But Fabra, the proud daughter of a jailed former big shot of the governing People's Party, refused to yield. She offered no public apology, instead dispatching a handwritten letter to the head of the chamber in which she lamented her "inappropriate" choice of words.

 

Now, two years on, Fabra's inappropriate choice of words have taken on a chillingly prophetic edge. Granted, there can be no telling whether the target of her wrath was really the unemployed; or whether it was, as she claims, the main opposition party, the PSOE.

 

Either way, she got what she wanted: the PSOE is, to her use her term, f**ked, as voters flee its sinking ship; and so, too, are Spain's unemployed - all 4.4 million of them, 40% of whom now have no "official" source of income.

 

 

 

 

Bullshit Jobs and Eternal Internships

 

Also f**ked are growing ranks of Spanish workers, in particular the youngest.

 

Ultimately, it is they who have borne the brunt of the economic fallout from Spain's real estate crash and the Troika-imposed internal devaluation that followed in its wake. In newly reformed Spain, it is they who must eke out a precarious existence on the margins and the meager scraps provided by bullshit temporary jobs and eternal internships.

 

And it is they who will have to pay off the government's debt (ha!) as well as support their parents and grandparents through their retirements (ha!).

 

Exactly how they are supposed to do this is anyone's guess, especially given their current financial malaise. If lucky, they might one day earn the minimum wage; many will earn less.

 

As for job security, there is none: nine out of ten new job contracts are temporary and in most professional sectors the proportion of temporary contracts is already double the EU average.

 

What's more, over 40% of young Spanish workers are over qualified for the jobs they hold, while eight out of ten millenials (that is, those aged between 16 and 30) continue to live with their parents. As for the lucky, brave few who strike out on their own, most of them must cough up more than half of their income on rent, even for shared accommodation.

 

This is just a little taste of the grim reality facing Spain's lost and betrayed generation.

 

But it's not the only reality vying for attention; there is also the government's version of events.

 

 

 

 

Lies, Damned Lies and Government Statistics

 

In the government's alternate reality, things could not be rosier.

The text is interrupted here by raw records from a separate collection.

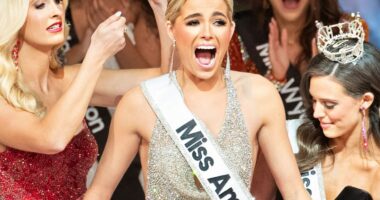 Alabama cheerleader Abbie Stockard, 22, wins Miss America 2025 pageant – but fans say contest has been ‘destroyed’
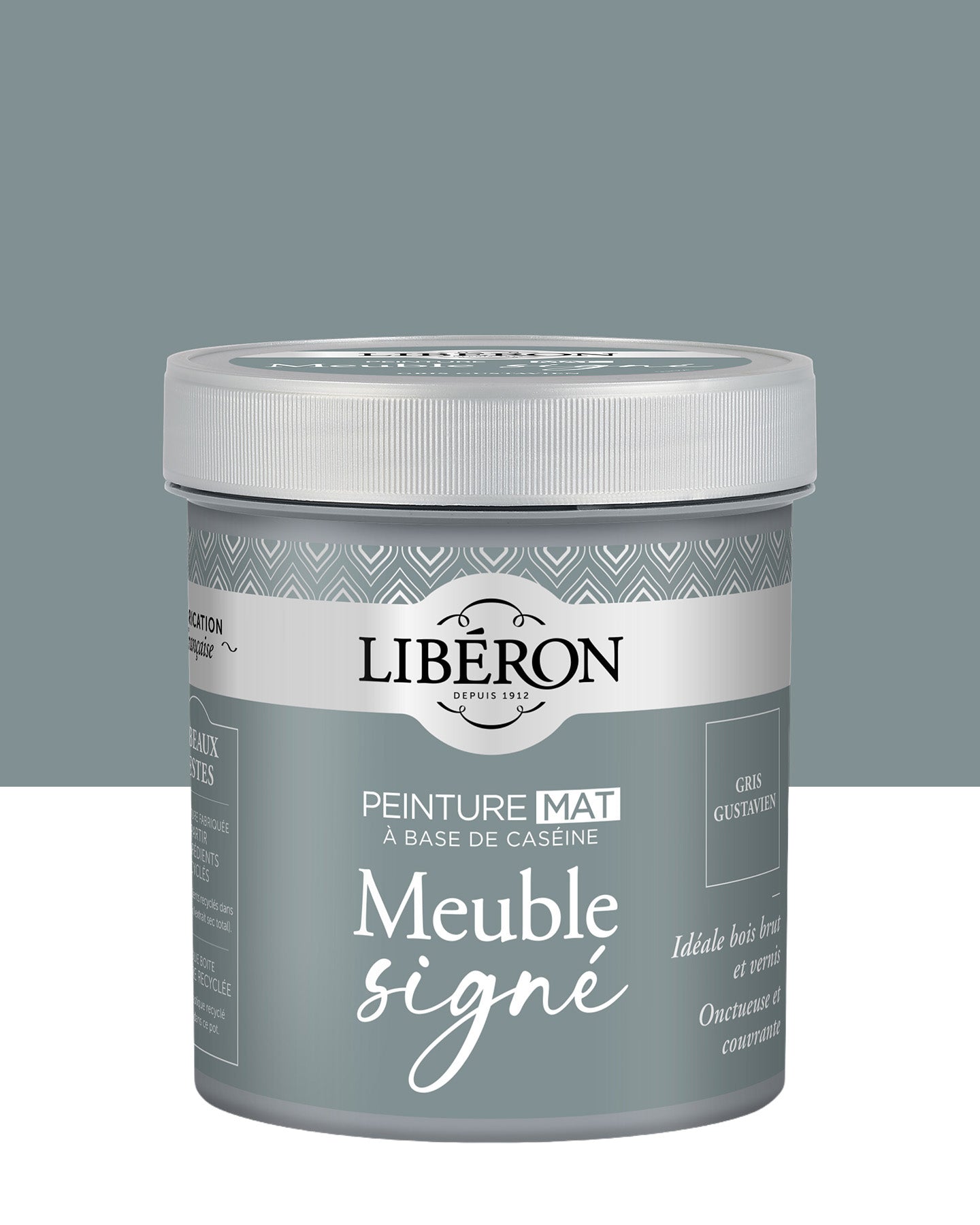 Pot de peinture meubles Libéron Meuble Signé, teinte Gris Gustavien, aspect mat profond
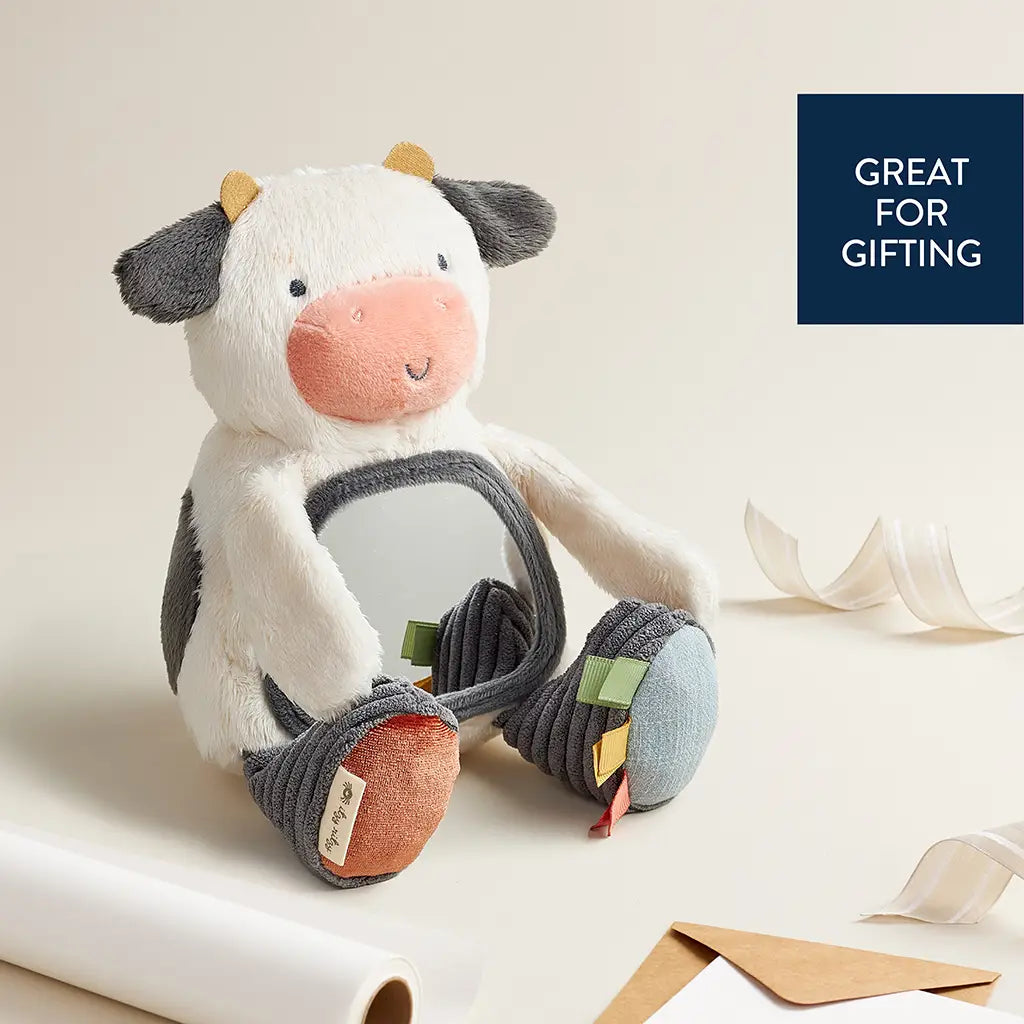 Itzy Ritzy Cow Sit Up Mirror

"We are on solid ground," Rajoy recently said. "The recovery is here for good."

What he failed to mention was the main reason for this supposed improvement:

namely that more and more Spaniards are falling into bad old habits.

Egged on by the government and media, they are once again buying lots of foreign-manufactured goods they probably don't need with money they don't have.

 

That's right: thanks to a relentless feel-good campaign, internal consumer demand is once again soaring in Spain, just as the country's exports tumble. In four short words: not a good sign.

 

But don't worry about that, the government tells the public reassuringly. It'll sort itself out. [I'm liberally paraphrasing here.] Instead, dear voters, come and feast your eyes on the latest unemployment data and graphs (that some friends, ahem, just produced for us). Notice how they go up and down in all the right places.

 

All of which is true. In fact, as economics graphs go, they look pretty good.

 

However, as former senior business executive (of ENAGAS and CAMPSA) Roberto Senteno notes in El Confidencial, something doesn't quite add up.

 

For starters, according to the statistical methodology employed, if a solid 40-hour-a-week job is destroyed and two 10-hour-a-week jobs are created, as is happening more and more, Spain is all of a sudden one job better off, and its economic situation has improved:

 

A total of 402,400 jobs have been created (in the last year) using this crude trick alone.

 

The figure actually drops to 61,000 if you seasonally adjust the data and untangle all the lies and flawed assumptions about the active population. But that's not all: the total number of hours worked has dropped by 3.86 million in the last year.

 

 

 

 

Making a Mockery Out of Tragedy

 

If nothing else, the latest release from Spain's Ministry of Information serves as a reminder of the grave risks of taking "raw" government data at face value.

 

With the possible exception of the big banks, no one has more skin in this rigged game than our respective governments.

 

Indeed, since the Great Recession began, the one area in which government has truly excelled (with the obvious help of certain media outlets and central banks) is in the "presentation" of "raw" economic data.

 

Through its crude use of statistics, the Spanish government has made a mockery out of tragedy.

 

Its reality of figures, graphs and equations could not diverge more from the on-the-ground reality in Spain, where conditions are set to get a whole lot worse as the IMF and big business lobbies pressure struggling peripheral EU Member States such as Spain to further reduce the minimum salary (currently languishing at €635 a month) as well as enhance "labor mobility" (i.e. make it even easier for companies to dismiss workers).

 

The result will be increased job insecurity and an even greater preponderance of non-living wages.

 

Meanwhile, the exodus of Spain's best and brightest will continue unabated. Not that the government will care - indeed, if more and more young people leave the country, the base population on which its unemployment stats are calculated will decrease. And with a little fiddling here and touching up there, its pretty graphs should look even prettier.

 

And that, ultimately, is all that matters in this new age of statistical madness.

 

 

Additional Information:

 

A new law in Spain hounds the new media, from blogs to Google, to protect the 'loyal' mainstream press from insolvency and irrelevance. Other governments are ogling similar laws.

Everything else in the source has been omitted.